[In the pages that follow we offer stories that contrast with the dominant media narratives served up about Latin America. Galeano once put it like this: ‘One writes out of a need to communicate and to commune with others, to denounce that which gives pain and to share that which gives happiness.’ These words also encapsulate the sentiment behind this magazine’s production. We hope you enjoy it. Gracias Galeano. La lucha continúa!]
Beyond The Mainstream
by Pablo Navarrete - Alborada Magazine (Spring/Summer 2015)
‘More and more have the right to hear and see, but fewer and fewer have the privilege of informing, giving their opinion and creating. The dictatorship of the single word and the single image, much more devastating than that of the single party, is imposing a life whose exemplary citizen is a docile consumer and passive spectator…'
So goes one of my favourite quotes from Uruguayan writer Eduardo Galeano, who sadly passed away in April this year. As a teenager, his book Open Veins of Latin America opened my eyes to the historical dynamics at play between the region and imperial world powers, in a way that I’d never experienced. The injustices I read about were overwhelming, and the poetry Galeano used to convey them made a powerful impression on me.
I saw Galeano speak twice: the first time in conversation with Australian journalist and documentary filmmaker John Pilger in London; and then in January 2013, in Santiago, Chile, at a reading in a theatre overflowing with people, mostly students. As Galeano spoke you could hear the chants of students outside pleading to be allowed in. At one point Galeano stopped proceedings and negotiated with the organisers for those outside to be let in. More students poured in until every inch of the theatre was full. The atmosphere was electric; the respect between Galeano and the audience was mutual.
The passion shown by the young in Chile to hear a master story-teller like Galeano speak, in many ways explains why this magazine has been produced. At the Galeano event, many of the students inside the theatre or desperately trying to get in were the same ones who had formed part of the inspirational student movement that had burst onto Chile’s national consciousness in 2011 with its demands for a free, state-funded education system. These demands rocked Chile’s neoliberal consensus to its core. The students who had gone to hear Galeano recognised that their movement formed part of a historical struggle throughout Latin America for justice, sovereignty and true democracy; and that Galeano was on their side, a comrade.
This is the side Alborada is on. Since launching in 2009 with an event on Brazil’s landless movement and the release of a documentary on Venezuela under the late Hugo Chávez (via Alborada Films), we have never pretended to be ‘objective.’ Through our events, website and films we have shared some of the many stories of hope and horror in Latin America past and present, making an effort to present a range of progressive perspectives. This magazine aims to be a further window into uncovering this Latin America - a Latin America that the establishment media in the English-speaking world have little interest in covering.
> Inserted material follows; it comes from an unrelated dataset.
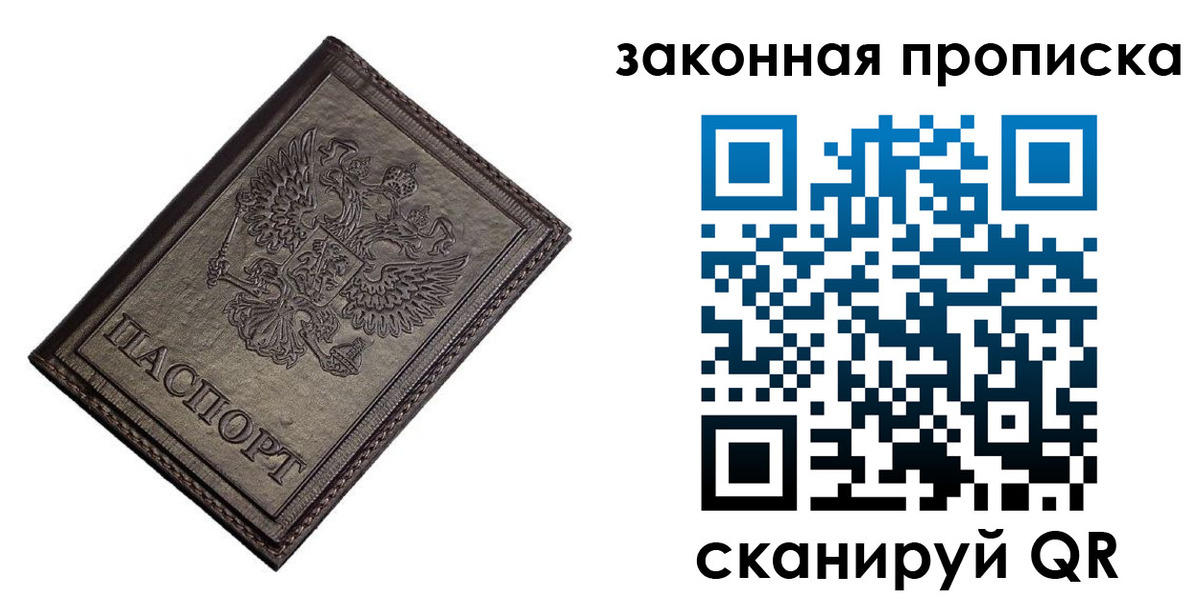 временная регистрация собственник в Киришах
In fact, the reactionary role the mass media have played and continue to play in conditioning perceptions on Latin America is something that can never be overstated. Whether it be demonising Salvador Allende’s Chile, Venezuela’s Bolivarian revolution or through largely ignoring the crimes of governments friendly with the ‘the West’ (think Colombia and Mexico today), the mass media have played an insidious role. Of course, not all media outlets are the same. However it is now all too predictable when so called ‘progressive’ media outlets sing from virtually the same hymn sheet as their more right-wing colleagues when it comes to reporting on Latin America.
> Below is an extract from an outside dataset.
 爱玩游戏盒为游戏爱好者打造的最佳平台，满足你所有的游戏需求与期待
So this first Alborada magazine is a very humble contribution to challenging that ‘dictatorship of the single word and image’ that Galeano wrote about. In the pages that follow we offer stories that contrast with the dominant media narratives served up about Latin America. Galeano once put it like this: ‘One writes out of a need to communicate and to commune with others, to denounce that which gives pain and to share that which gives happiness.’ These words also encapsulate the sentiment behind this magazine’s production. We hope you enjoy it. Gracias Galeano. La lucha continúa!